Excerpts from Jim Conrad's
from the June 26, 2011 Newsletter issued from Mayan Beach Garden Inn 20 kms north of Mahahual, Quintana Roo, México
COASTAL STRAND VEGETATION
The long, narrow sand ridge I'm living on now, wedged between the Caribbean on the east and a big mangrove swamp to the west, is cloaked with a fragile and unique plant community known as coastal strand vegetation. You can see an example I visit daily above.
Coastal strand vegetation forms along shores in loose sand just above the high tide mark. Many plant species in this special kind of environment are endemic -- in the whole world occurring naturally only in this small region. Species diversity in coastal strand vegetation is low because few plant species can tolerate the zone's harsh conditions, which include high wind, salt spray in the air and high salt concentrations in the sandy soil, and that sandy soil itself -- basically plain sand -- has a very low holding capacity for both nutrients and water.
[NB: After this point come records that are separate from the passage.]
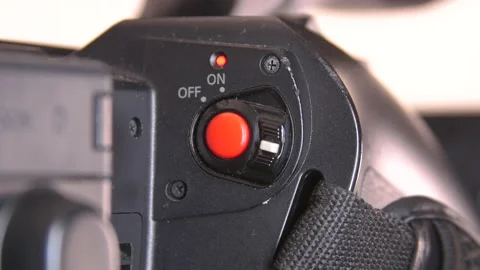 Close up of on and off switch on camcorder Stock Footage 140959674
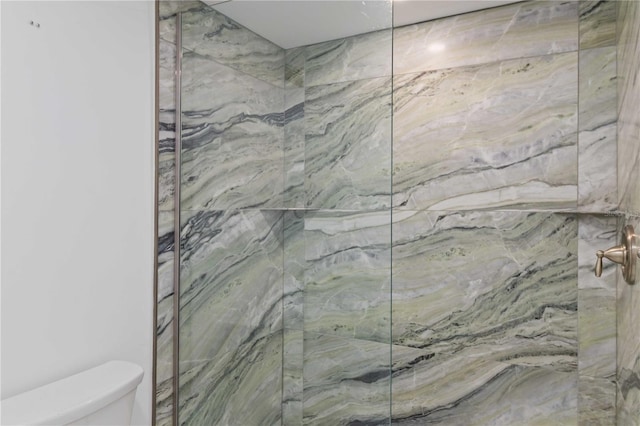 full bath featuring a marble finish shower and toilet
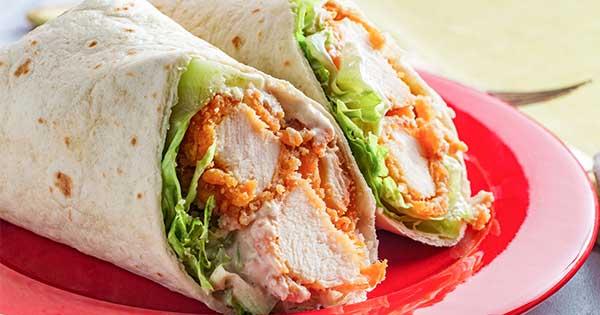Kids enjoying crispy chicken and mozzarella wraps for lunch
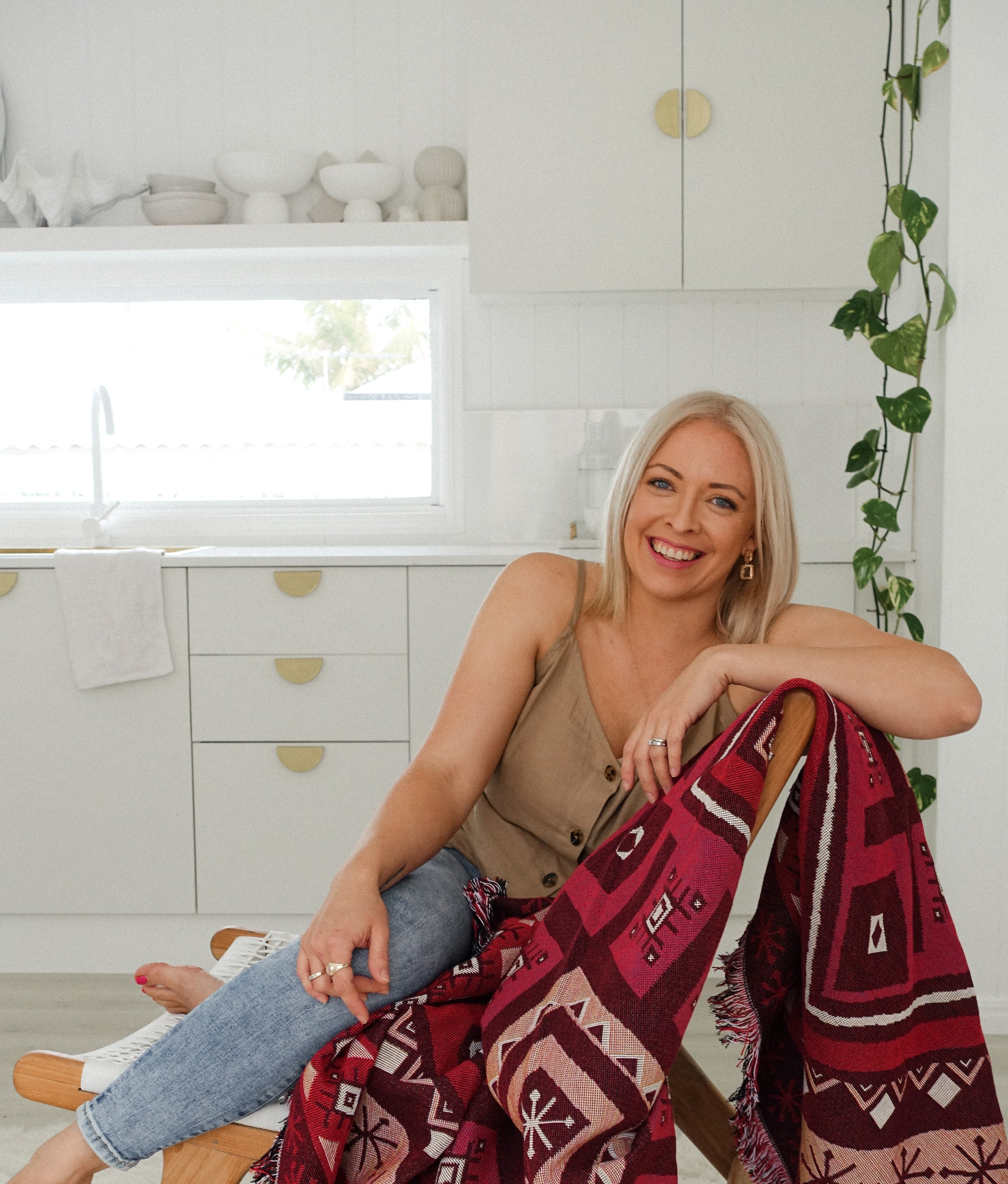 Five Hearts owner and designer, Steph, seated on a chair with her Love Lost red toned throw draped over it.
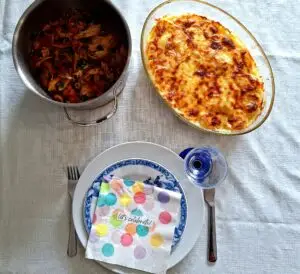 Vista aérea de mesa posta com panela de frango estufado desfiado com cenoura e ervas, travessa oval de gratinado de batata dourado, prato de faiança azul e branca com guardanapo colorido "let's celebrate", copo azul e talheres.
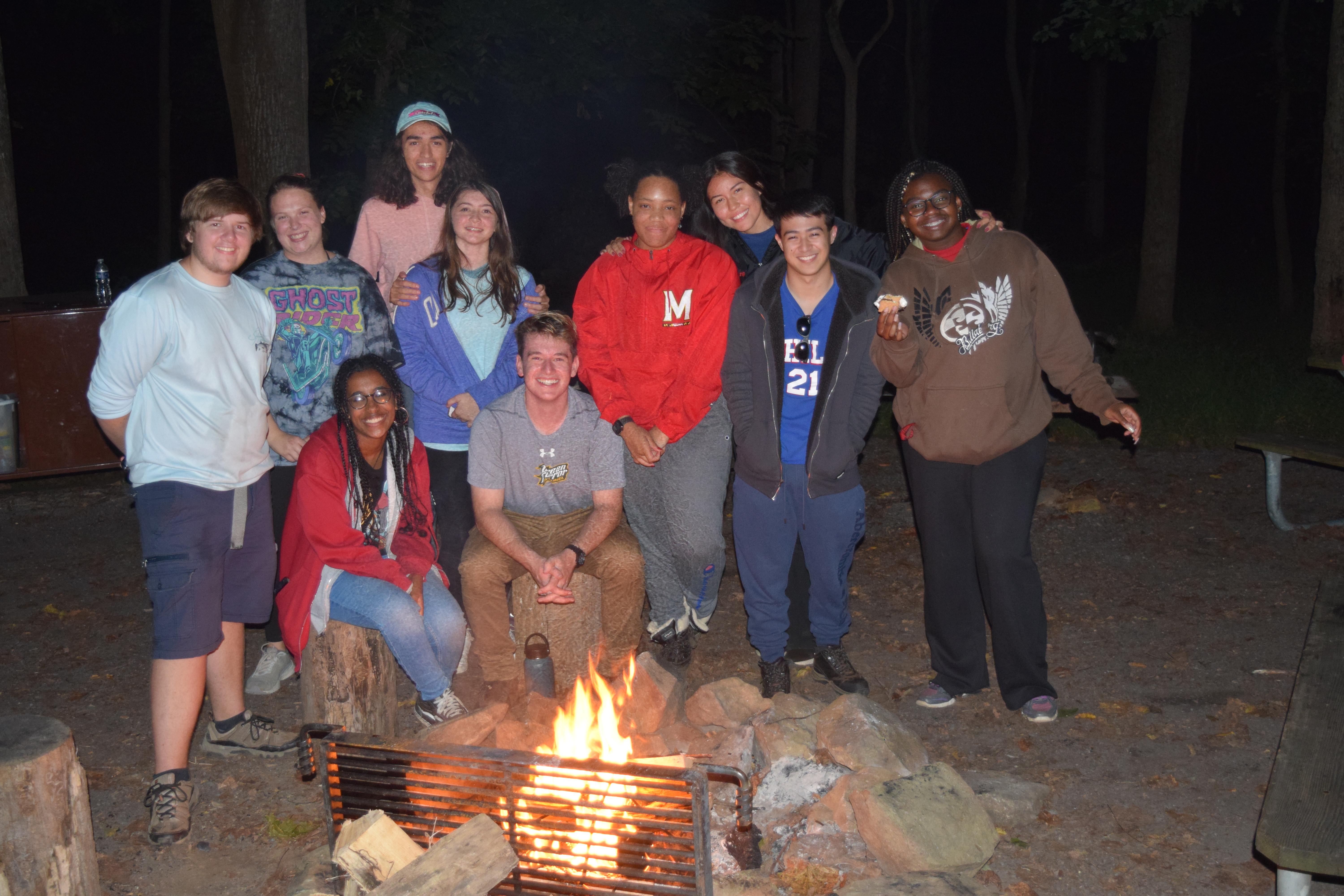 group of students at camp fire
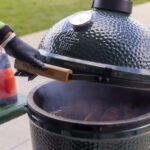 big green egg smoking from grilling food at the ohio eggfest cooking competition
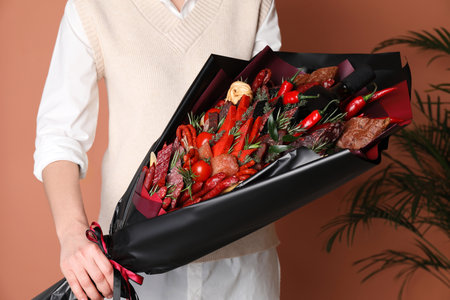 Woman with beautiful food bouquet on brown background, closeupの写真素材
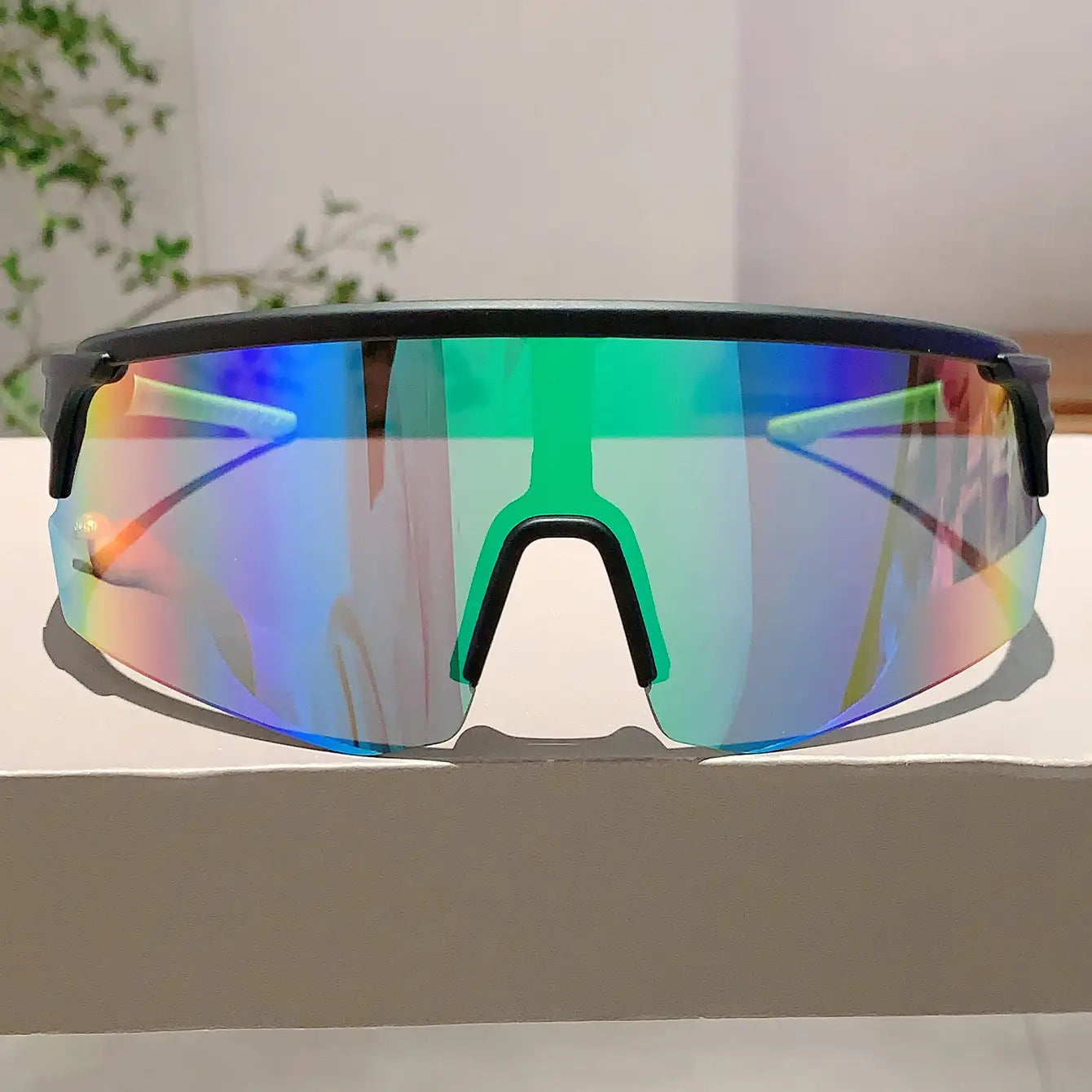 Lunettes de soleil de sport surdimensionnées à monture noire, verres irisés teintés arc-en-ciel passant du bleu au vert, conçues pour un usage de cyclisme.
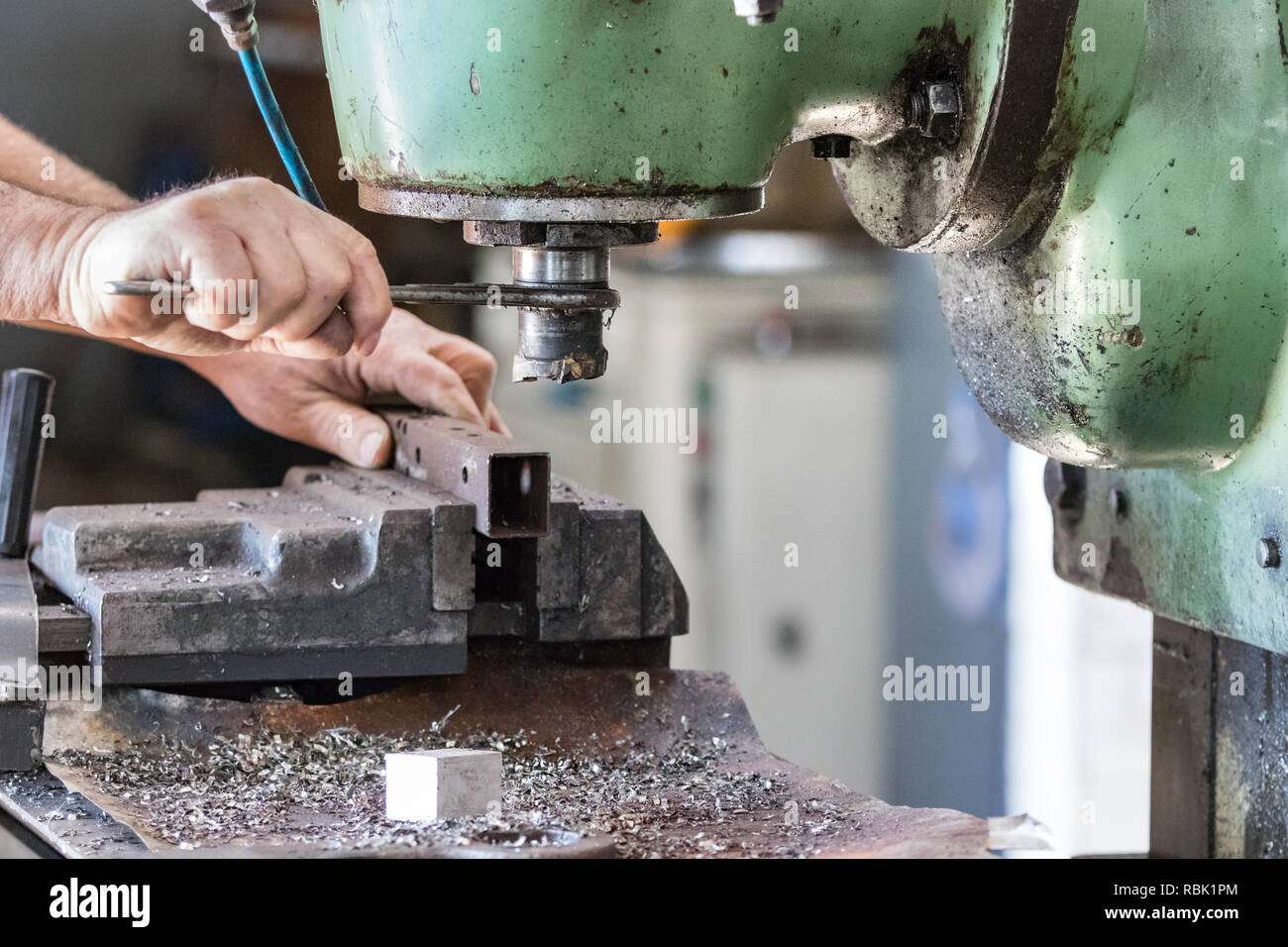 Un lavoratore di sesso maschile operando una fresa drill macchina all'interno di una fabbrica aluminiun. Foto Stock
Many plants in such zones are succulent.
An interesting feature of coastal strand vegetation is that very often its structure and general appearance is very similar to coastal strand vegetation in other parts of the world, even though the species in the two communities may be completely different. Most coastal strand environments are windblown and salty, so plants growing there, no matter what their kinship is, will be highly adapted to wind and high levels of salt. Salt-tolerant plants are often succulent because succulent stems and leaves retain more water than non- succulent ones.
In the above picture of our local coastal strand vegetation, the shrub with large, round leaves up close is Seagrape. The low, scrambling, mat-forming plant behind it is Sea Purslane. The dense, grayish shrub at the right is Sea-Lavender. The orange-green shrub behind and to the right of the Sea-lavender is Gullfeed. These coastal strand plants and others of this area can be reviewed on our "Notes on Flowering Plants & Ferns of Beaches & Saltwater Lagoons" page at http://www.backyardnature.net/yucatan/seashore.htm.
You might enjoy Googling the keywords "coastal strand vegetation ######" with ###### replaced by the name of another part of the world, such as California or Australia. On resulting pages you can see what plants in those places have evolved to occupy the coastal strand environment. You've seen that Beach Gentian is one of our coastal strand wildflowers. I see Beach Gentian missing on a list of California's coastal strand vegetation, but they have Bush Lupines, which must be nice, too.
Of course a prime danger to the coastal strand is human beings building on the beach. Often large parts of the beach are scalped so that prospective land buyers can more easily see the land.